__AIM OF THE EXERCISE__. Of the entries below, return only those lines from the line with "Читать книгу Нелокальность" to the line with "Intelligent SCR /", exactly, both included.

__EXERCISE INPUT__.
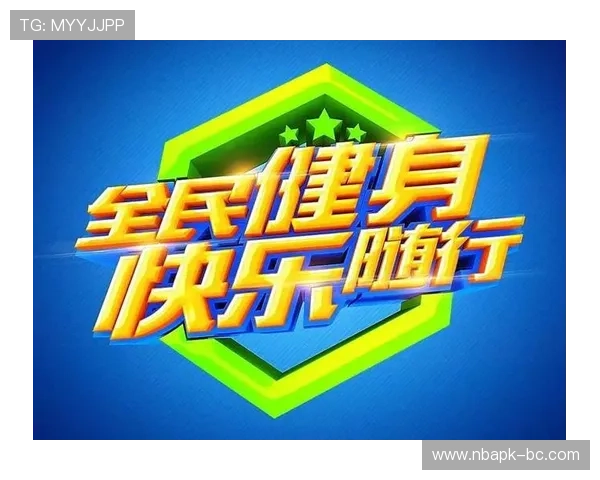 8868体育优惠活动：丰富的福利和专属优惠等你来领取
==
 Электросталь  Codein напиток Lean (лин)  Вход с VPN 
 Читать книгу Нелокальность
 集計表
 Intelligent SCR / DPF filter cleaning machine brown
==
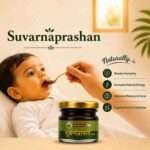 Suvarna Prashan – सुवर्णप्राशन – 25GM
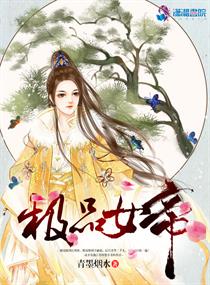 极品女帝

__RESULT OF THIS EXERCISE__.
 Читать книгу Нелокальность
 集計表
 Intelligent SCR / DPF filter cleaning machine brown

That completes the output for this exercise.